Con lo que quería decir que era irremediable que se mate, que ese zorro y ese lobo, que esos dos mundos estallaban dentro de su ser, que había un signo fatal en lo más profundo, esencial y hondo de su vida. Que la lucha encarnizada de esos toros en pugna no había terminado, conflicto de lobo y zorro que se devoraban, que él sufre hasta el cáliz de la amargura más atroz (como Vallejo en la circunstancia de la Guerra Civil Española). Porque el propio Arguedas es escenario de esa conflagración. Lo dice él mismo de este modo:
¿Hasta cuándo durará la dualidad trágica de lo indio y lo occidental en estos países descendientes del Tahuantinsuyo y de España? ¿Qué profundidad tiene ahora la corriente que los separa? Una angustia creciente oprime a quien desde lo interno del drama contempla el porvenir. Este pueblo empecinado —el indio— que transforma todo lo ajeno antes de incorporarlo a su mundo, que no se deja ni destruir, ha demostrado que no cederá sino ante una solución total.
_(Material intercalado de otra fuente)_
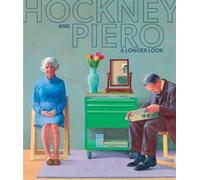 Hockney and Piero : A Longer Look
Y el otro bando, la otra corriente? Esa es aún más compleja, intrincada, turbia, cambiante, de varia y contradictoria entraña, en los «pueblos grandes». Los antiguos terratenientes, antiguos por el espíritu, están serenos, libres de escrúpulos de conciencia; el patrón de su conducta no ha sido perturbado, manejan los puños, blanden el garrote e hincan las espuelas, duramente; son los dueños.
8. El conflicto incluso empieza con el uso, abuso —amor odio— de creación de un nuevo lenguaje, conflicto, desesperación, invención a fragua viva que es necesario resolver para seguir viviendo.
En este sentido, me conmueve mucho, porque es como una concesión y un fracaso límite, que Arguedas declarase expresamente en su artículo «La novela y el problema de la expresión literaria en el Perú», que había necesariamente que escribir en castellano, él que sentía, amaba, sufría y se esperanzaba en quechua, que fue consolado en su abandono y en sus orfandades en quechua, confesándonos cómo marca el consuelo que dan los que sufren más (como eran y son los indios) a los que sufren menos; él que aprendió a amar en quechua en la quebrada de Viseca, tiene que aceptar en su trabajo de escritor —y frente al dilema irresoluble, sabiendo que cuando los indios en sus novelas hablan en ese idioma es una ficción o una farsa, porque eso no ocurre en la realidad— había que aceptar necesariamente que ellos hablen y él escriba en castellano.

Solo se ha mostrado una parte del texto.